WHAT TO WORK ON:
Leave out the images; return the rest of the data exactly.

LISTED ENTRIES:
= = = = = = =
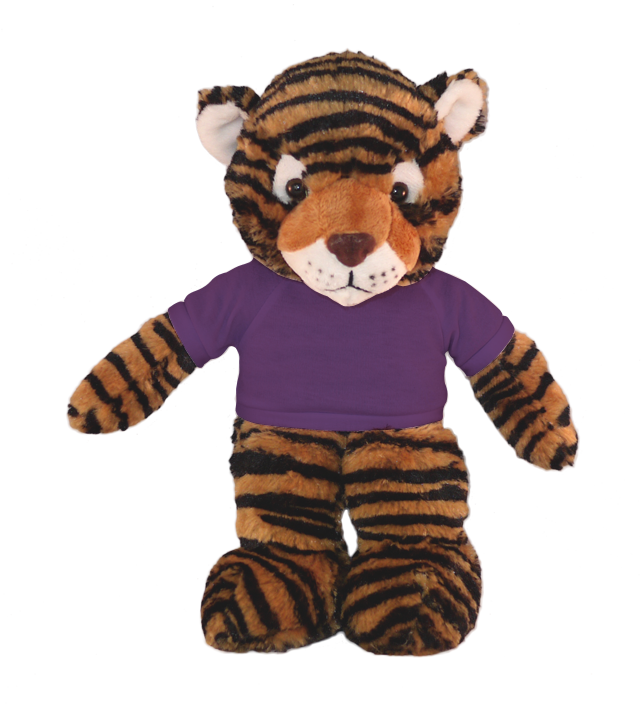 Plushland - Vendita all'ingrosso Peluche - Bambini e neonati - Peluche Floppy Tiger con maglietta personalizzata 12"9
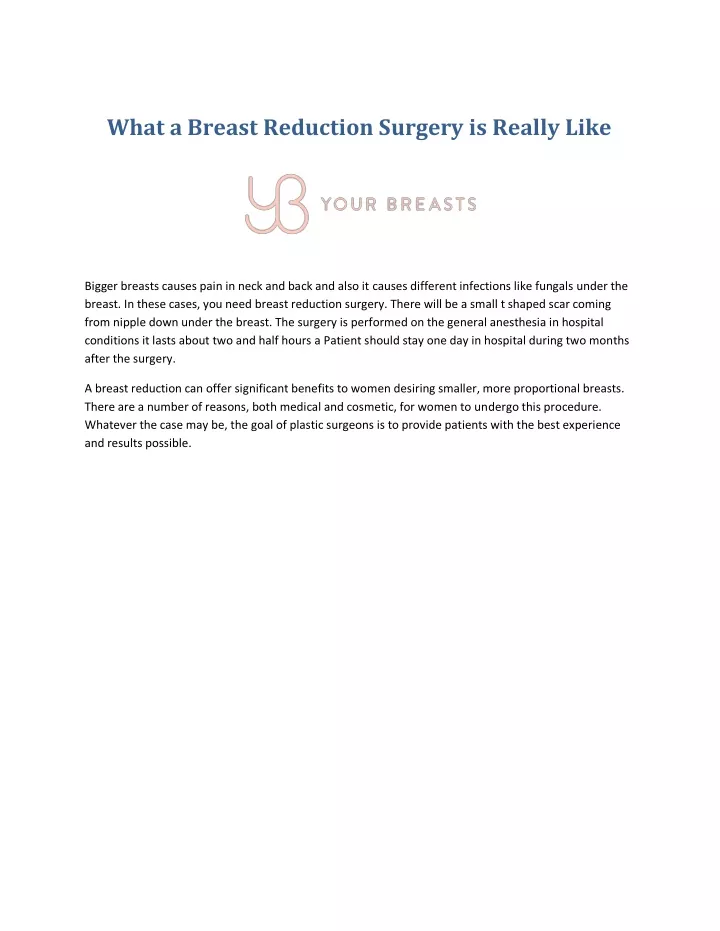 what a breast reduction surgery is really like
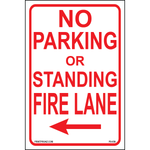 No Parking or Standing Fire Lane sign with left arrow printed on durable rust-resistant aluminum for outdoor fire safety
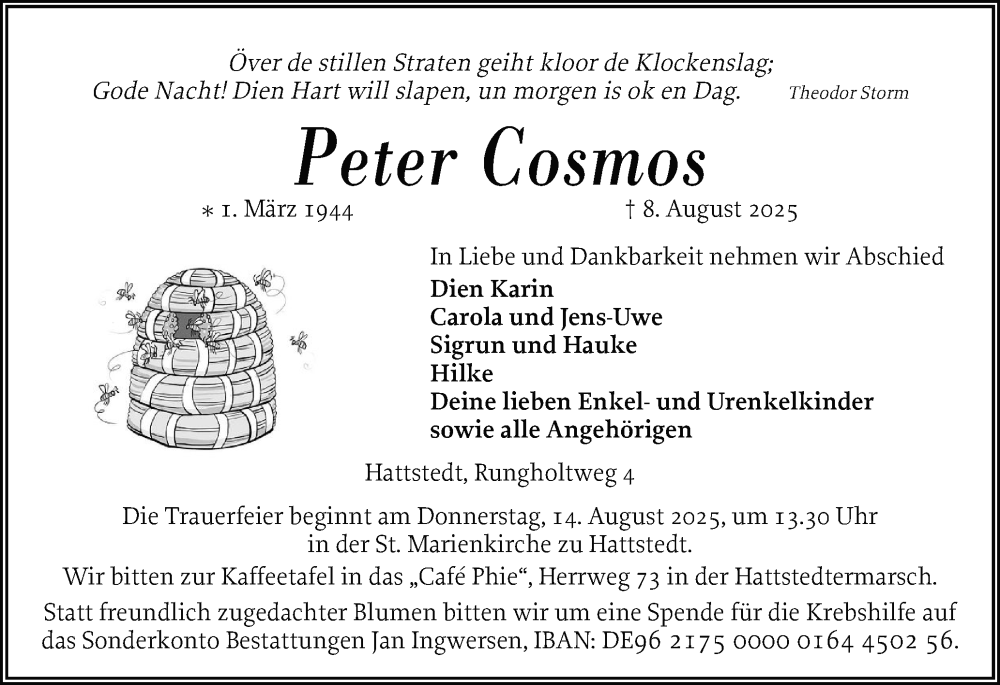  Traueranzeige für Peter Cosmos vom 12.08.2025 aus Husumer Nachrichten, Nordfriesland Tageblatt
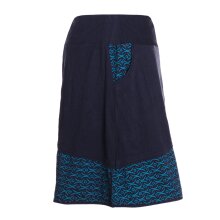 Vishes Damen A-Linie Rock Baumwolle uni einfacher Schnitt mit Taschen schwarz-türkis 38-40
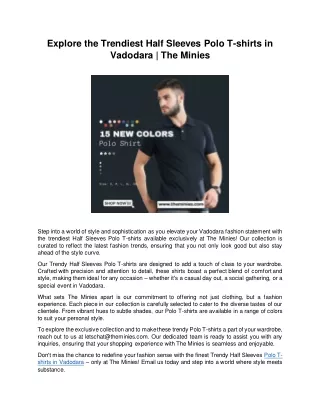 Explore the Trendiest Half Sleeves Polo T-shirts in Vadodara | The Minies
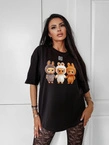 Koszulka damska T-shirt Olavoga Heart Side czarna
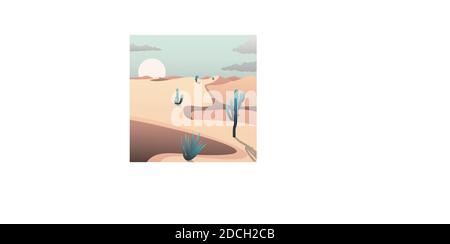 Cactus in the desert landscape in trendy gradient art style. Desert sunset vector illustration. Stock Vector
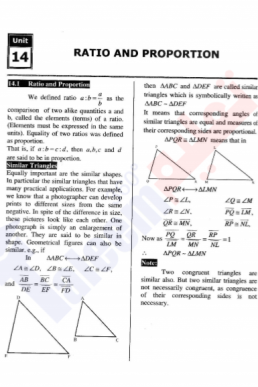 9th Mathematics Chapter-14 (Ratio and Proportion) PDF Notes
= = = = = = =
EXERCISE RESULT:
 Plushland - Vendita all'ingrosso Peluche - Bambini e neonati - Peluche Floppy Tiger con maglietta personalizzata 12"9
 what a breast reduction surgery is really like
 No Parking or Standing Fire Lane sign with left arrow printed on durable rust-resistant aluminum for outdoor fire safety
  Traueranzeige für Peter Cosmos vom 12.08.2025 aus Husumer Nachrichten, Nordfriesland Tageblatt
 Vishes Damen A-Linie Rock Baumwolle uni einfacher Schnitt mit Taschen schwarz-türkis 38-40
 Explore the Trendiest Half Sleeves Polo T-shirts in Vadodara | The Minies
 Koszulka damska T-shirt Olavoga Heart Side czarna
 Cactus in the desert landscape in trendy gradient art style. Desert sunset vector illustration. Stock Vector
 9th Mathematics Chapter-14 (Ratio and Proportion) PDF Notes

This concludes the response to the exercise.